**WHAT IS NEEDED**: Apart from the pictures, every entry must be retyped exactly.
MATERIAL FOR THE TASK section start
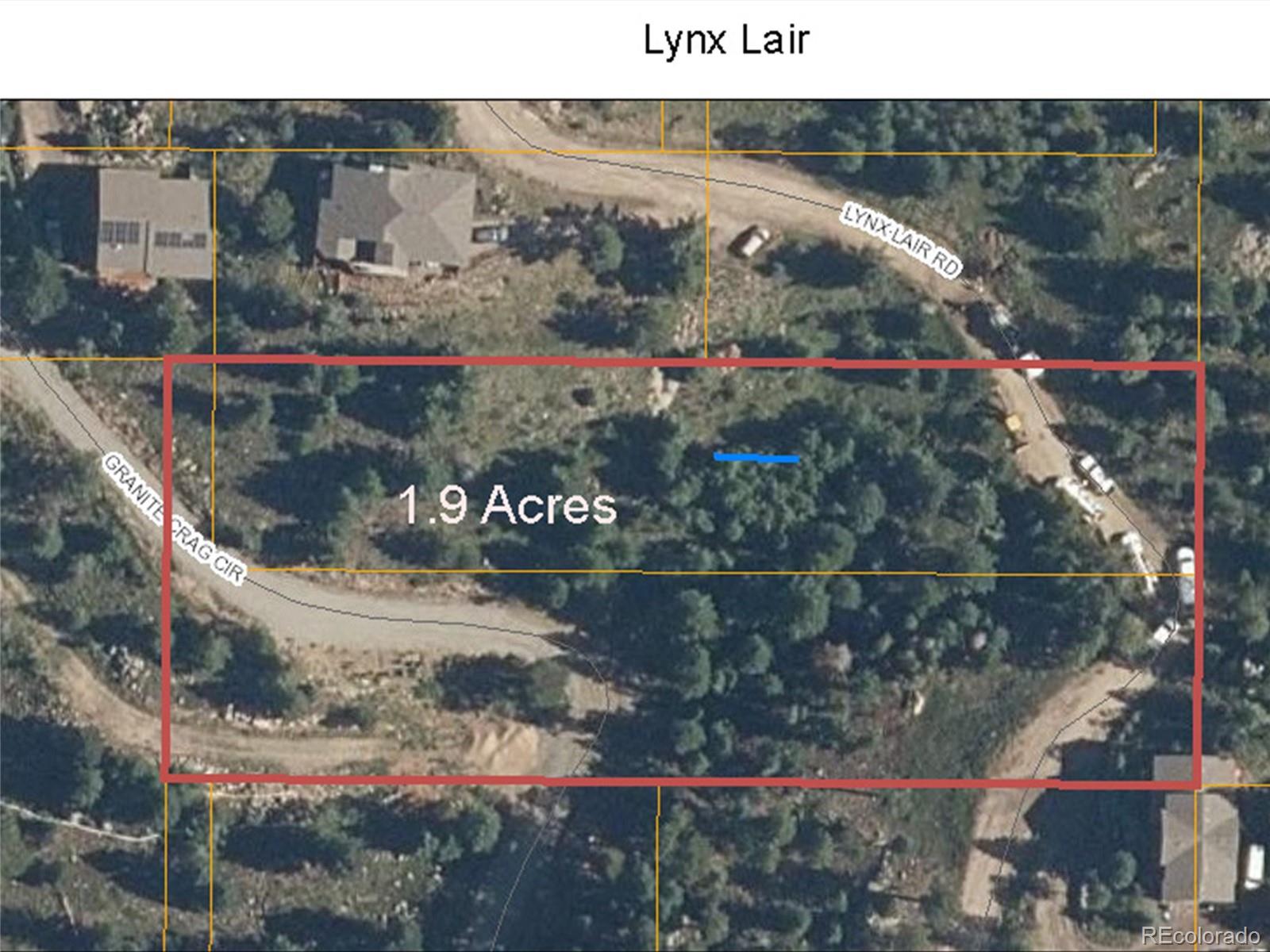 Lynx Lair Road Evergreen CO 80439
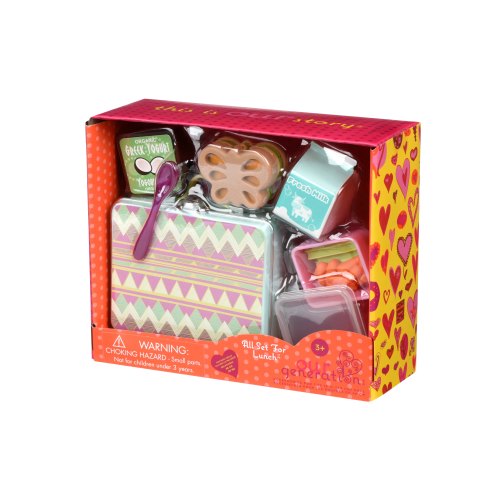 Our Generation Набір аксесуарів для ланча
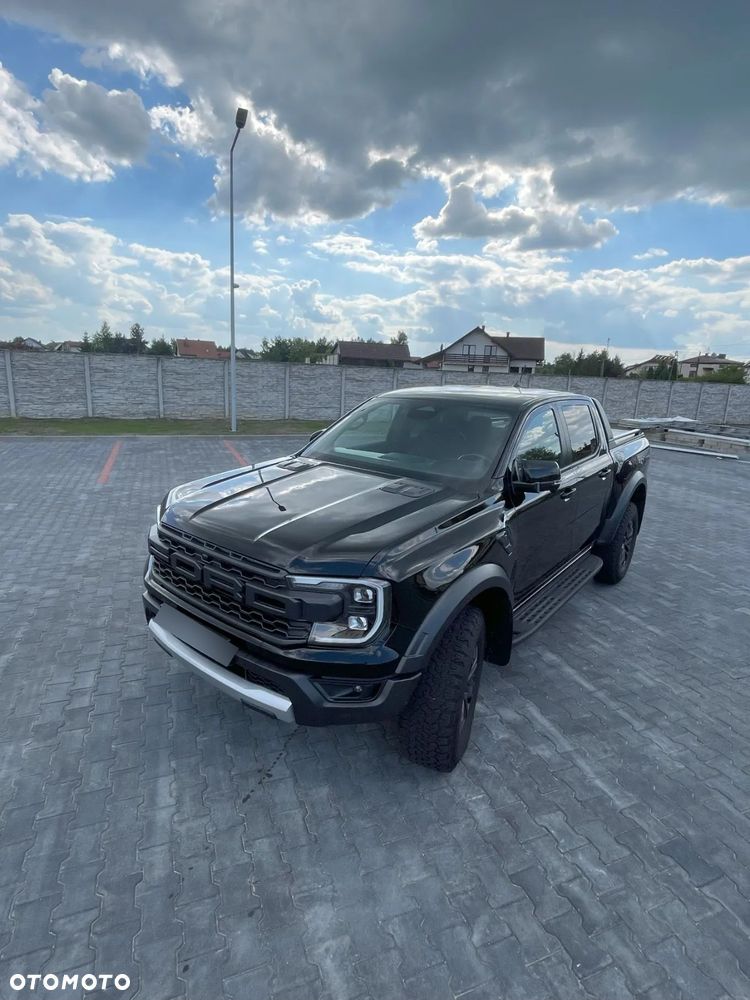 Ford Ranger Raptor - 1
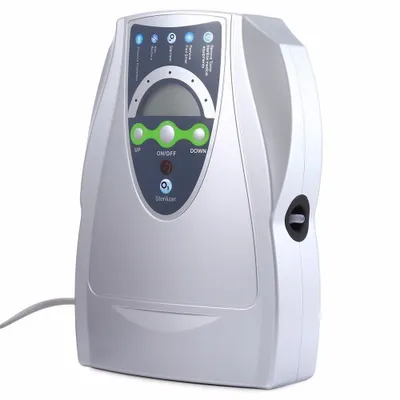 Image de Topchances 600mg/h Générateur d'ozone Purificateur d'air Ozoneur pour eau Stérilisateur Fruits Légumes Stérilisation Ozone Désinfecteur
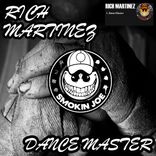 Portada para "DanceMaster"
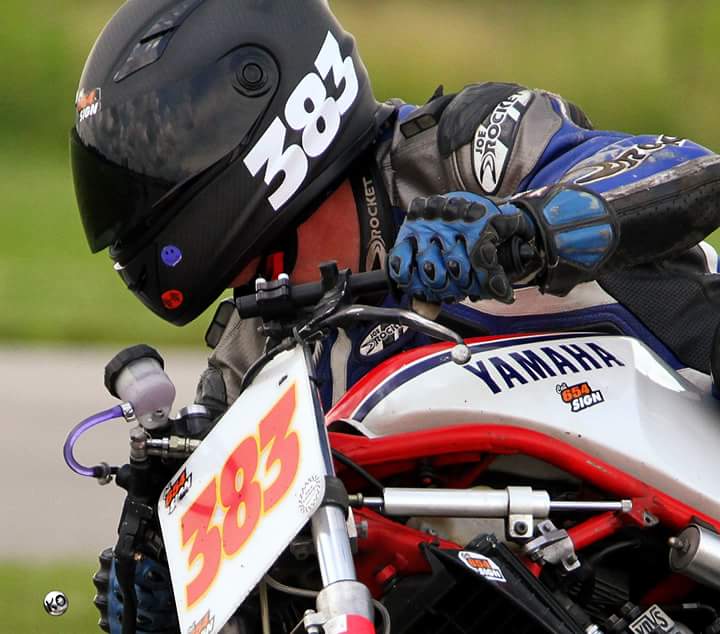 jimicrashallott's tweet image. #RZ350 #VRRA #GrandBendMotoPlex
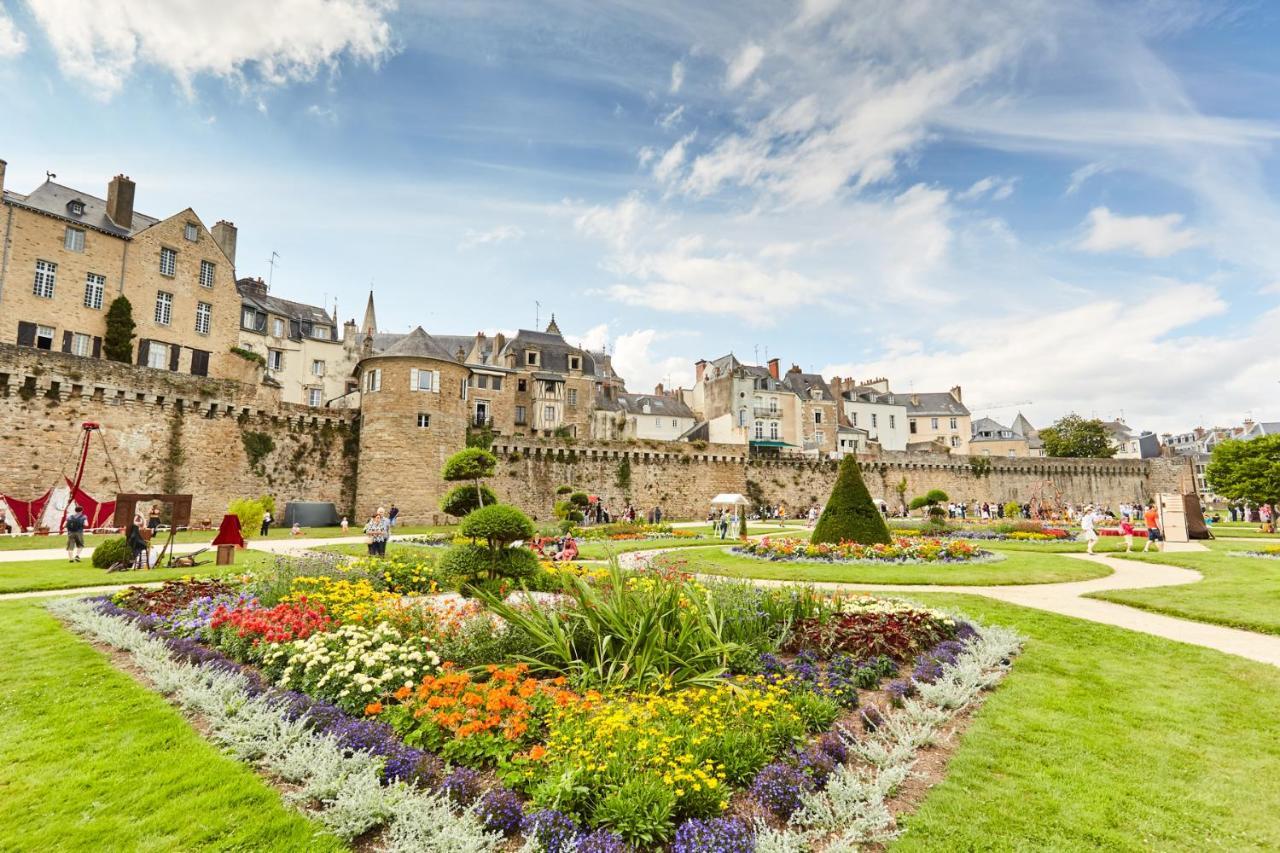 Vannes Appartement St Patern Centre de Vannes Extérieur photo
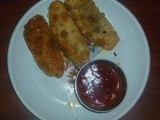 Spicy Veg Spring Rolls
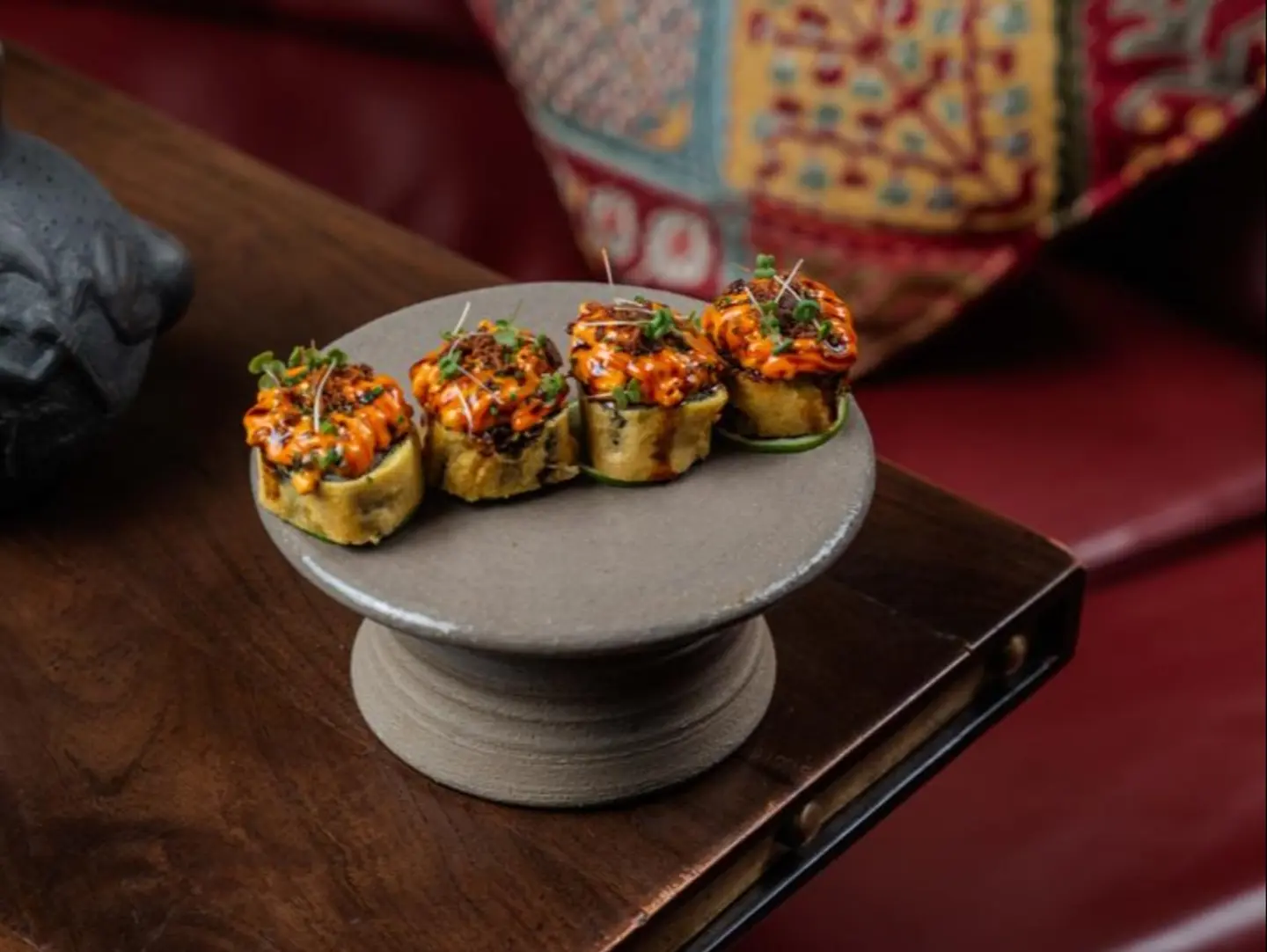 Wagyu Makis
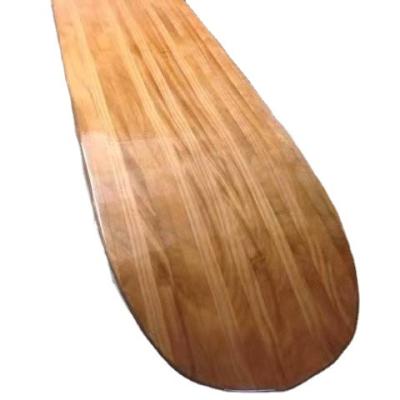 China Best Price Modern Wholesale Paulownia Solid Snowboard Wood Core for sale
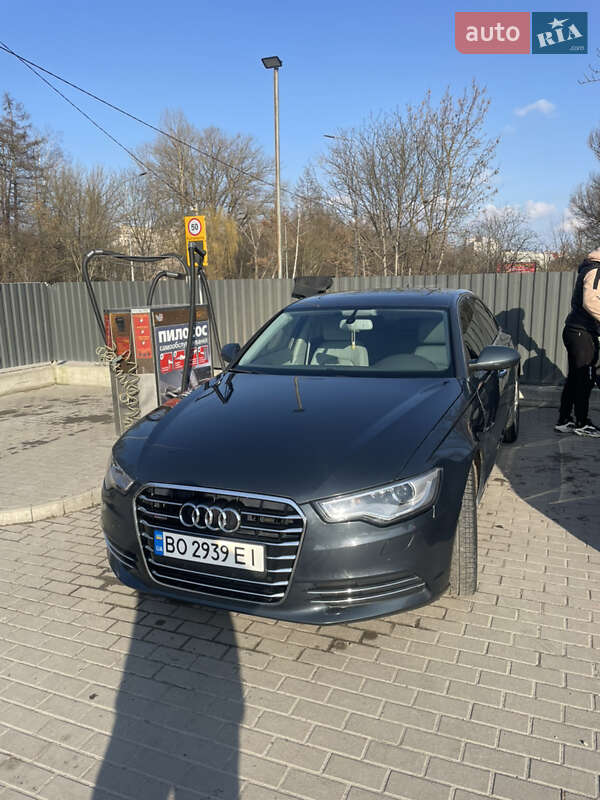 Audi A6 2013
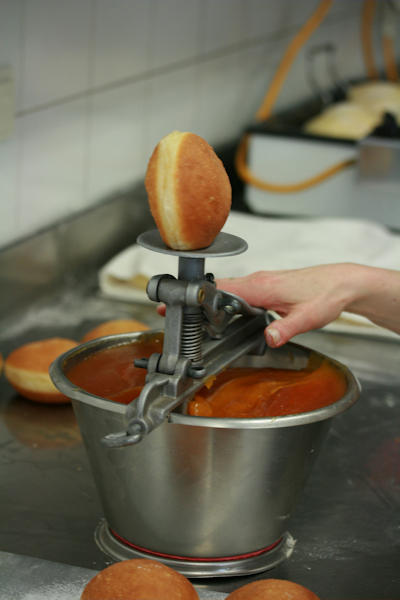 Krainer's Faschingskrapfen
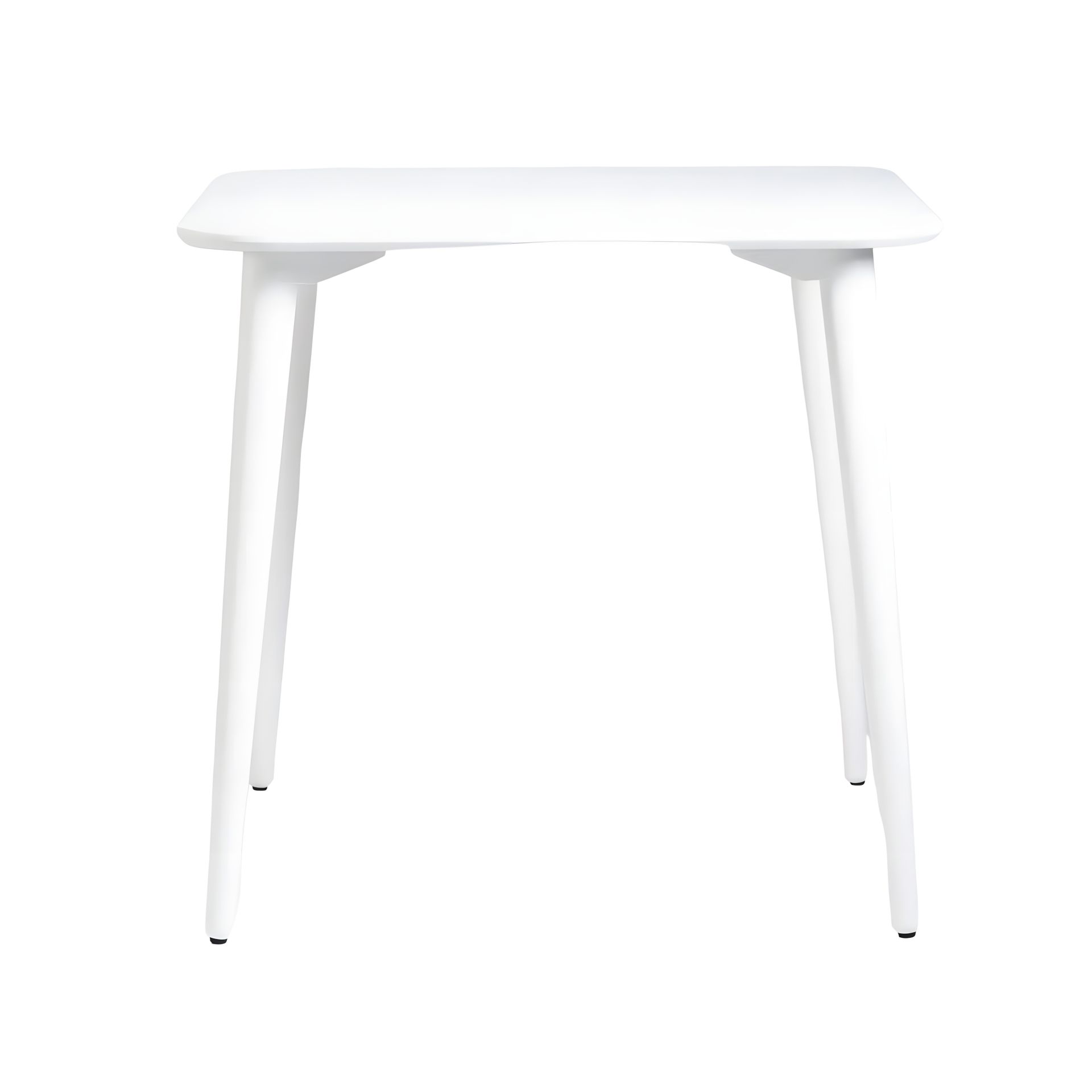 Білий стіл Dan 80 х 80 Білий стіл Dan 80 х 80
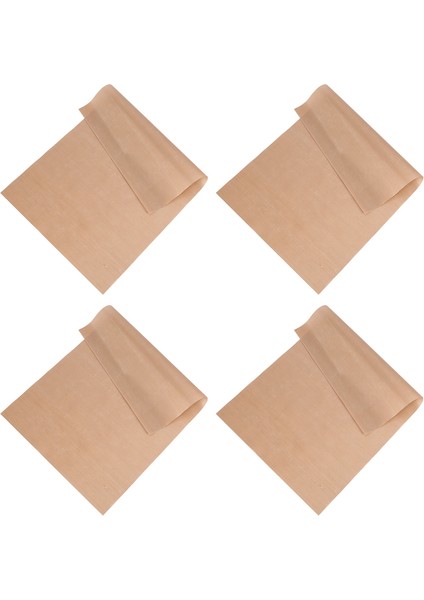 24 Adet Ptfe Levha 40X60 cm Yeniden Kullanılabilir Dayanıklı Pişirme Mat Yağ Geçirmez Kağıt Pişirme Fırını Aracı Yapışmaz Barbekü Için (Yurt Dışından)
MATERIAL FOR THE TASK section end
**ANSWER SPACE**:
 Lynx Lair Road Evergreen CO 80439
 Our Generation Набір аксесуарів для ланча
 Ford Ranger Raptor - 1
 Image de Topchances 600mg/h Générateur d'ozone Purificateur d'air Ozoneur pour eau Stérilisateur Fruits Légumes Stérilisation Ozone Désinfecteur
 Portada para "DanceMaster"
 jimicrashallott's tweet image. #RZ350 #VRRA #GrandBendMotoPlex
 Vannes Appartement St Patern Centre de Vannes Extérieur photo
 Spicy Veg Spring Rolls
 Wagyu Makis
 China Best Price Modern Wholesale Paulownia Solid Snowboard Wood Core for sale
 Audi A6 2013
 Krainer's Faschingskrapfen
 Білий стіл Dan 80 х 80 Білий стіл Dan 80 х 80
 24 Adet Ptfe Levha 40X60 cm Yeniden Kullanılabilir Dayanıklı Pişirme Mat Yağ Geçirmez Kağıt Pişirme Fırını Aracı Yapışmaz Barbekü Için (Yurt Dışından)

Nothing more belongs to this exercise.